Golfers have been serious about the game since its inception. And for golfers in the 1800s, even Sunday was a day to get in a little practice, even if the local congregation thought it wrong. Heritage Golf of St. Andrews offers a reproduction of The Sunday Stick, a walking stick with a club-head handle. When no one was looking, golfers would drop a ball, turn the stick around, and practice a few shots. It sells for about $90.

Golf as Fine Art

A great prize, especially for golf historians, is The Evolution of the Golf Ball Display.
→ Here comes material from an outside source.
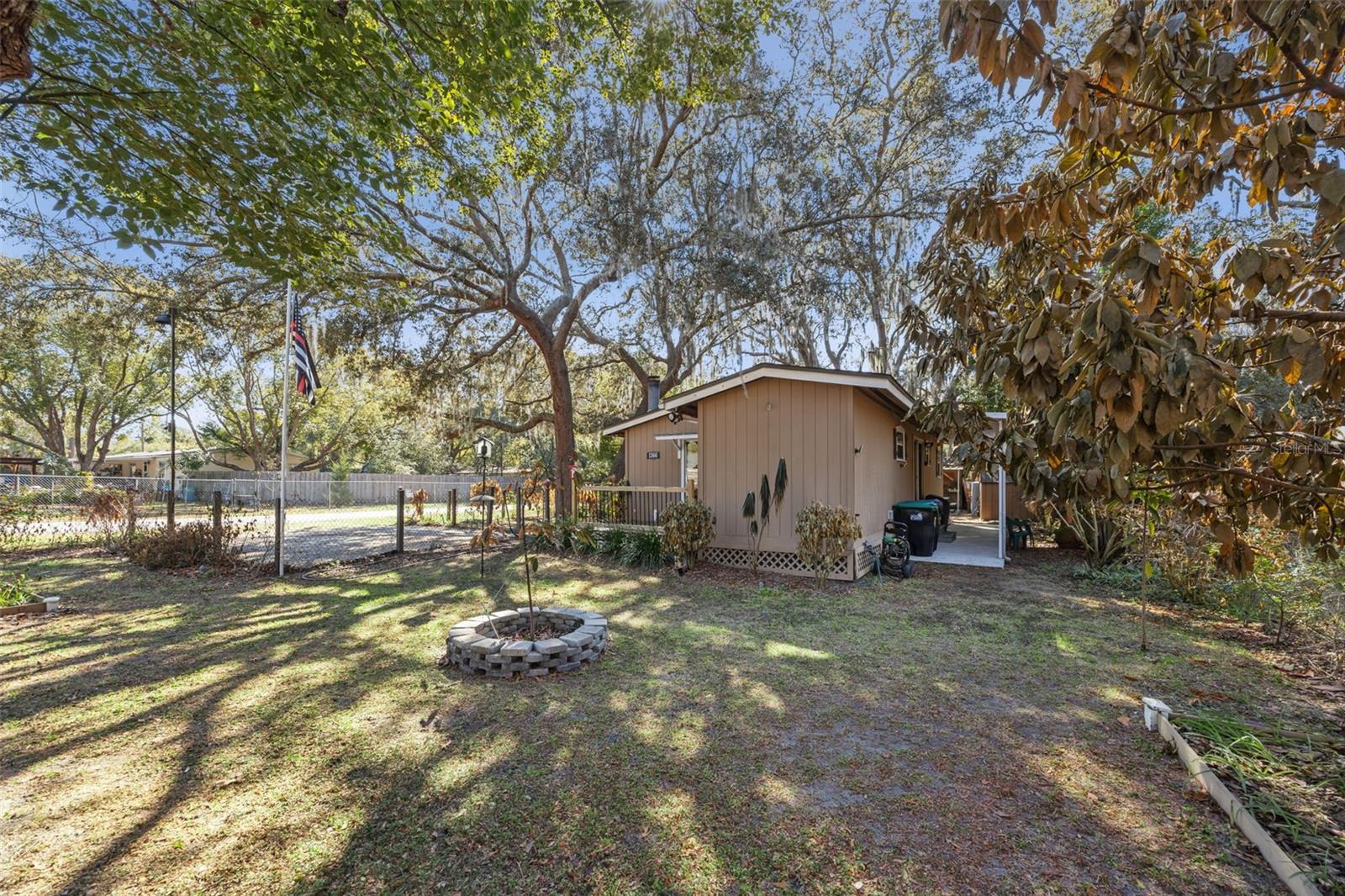 OAK PARK MANOR - Residential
This museum-quality reproduction from The Design Shop, Newnan, Ga., measures 3 by 4 by 16.5 inches and features six individually finished golf balls on a hardwood base topped with an acrylic display cover. A brass plate identifies each ball, and a history of each is underneath the padded felt base. Supply the shop with your logoed golf ball, and they'll use it in place of the Modern Ball. The display costs about $220. Smaller displays depicting the featherie, an early golf ball made of leather and feathers, and the modern golf ball ($65), or just the featherie ($38) are also available.

Another unique artistic gift is an ornamental leaded glass sphere from Joann Dost Golf Editions, LLC, Monterey, Calif. The company uses golf photography to create an heirloom-quality collectible. The work is presented on a walnut base with a walnut trunk/pedestal. Spheres can be logoed and feature site-specific imagery. Minimum order is 15 spheres, with the large ones priced at $1,200 each and the medium at $1,000 each. The company also offers customized leaded glass photo boxes, handcrafted in the United States, starting at $150.

Tools of the Trade

Useful items are always appreciated. On golf outings, Scott Vieson, applications analyst with the J.M. Smucker Co., Orrville, Ohio, always hopes he'll get a divot repair tool/ball marker. “I like the tool because I never lose it in my pocket. It's handy,” Vieson says. Golf Tournament Promotions, Plano, Texas, offers a precision-machined brass divot tool with a removable one-inch medallion magnetic ball marker on the front. Setup charge for the item is $125.

For some, golf is a big math problem. The Handy Capper, from Rockaway, N.J.-based, can calculate a golfer's handicap in seconds. Golfers enter their adjusted score, the course rating and slope, and their handicap differential is calculated. It comes with a neoprene pouch and golf bag clip and sells for about $35.

When traveling, golfers often like to bring their favorite clubs, but that can be a big hassle. The Richard Harris Collection, Everett, Pa., offers the Three-Club Carry-On. Made of a sturdy leather-like synthetic, the small bag can hold a driver, putter, and one other favorite club. It sells for around $50.

Marge Risinger, Rosenberg & Risinger Inc., Culver City, Calif., says her golf friends always ask her about the suction cup that she keeps on the handle end of her putter. “You never have to bend over to get the ball out of the cup,” she says. Mountaintop Golf Cars Inc., Banner Elk, N.C, sells the Ball Pickup Suction Cup for a little less than $2 a piece.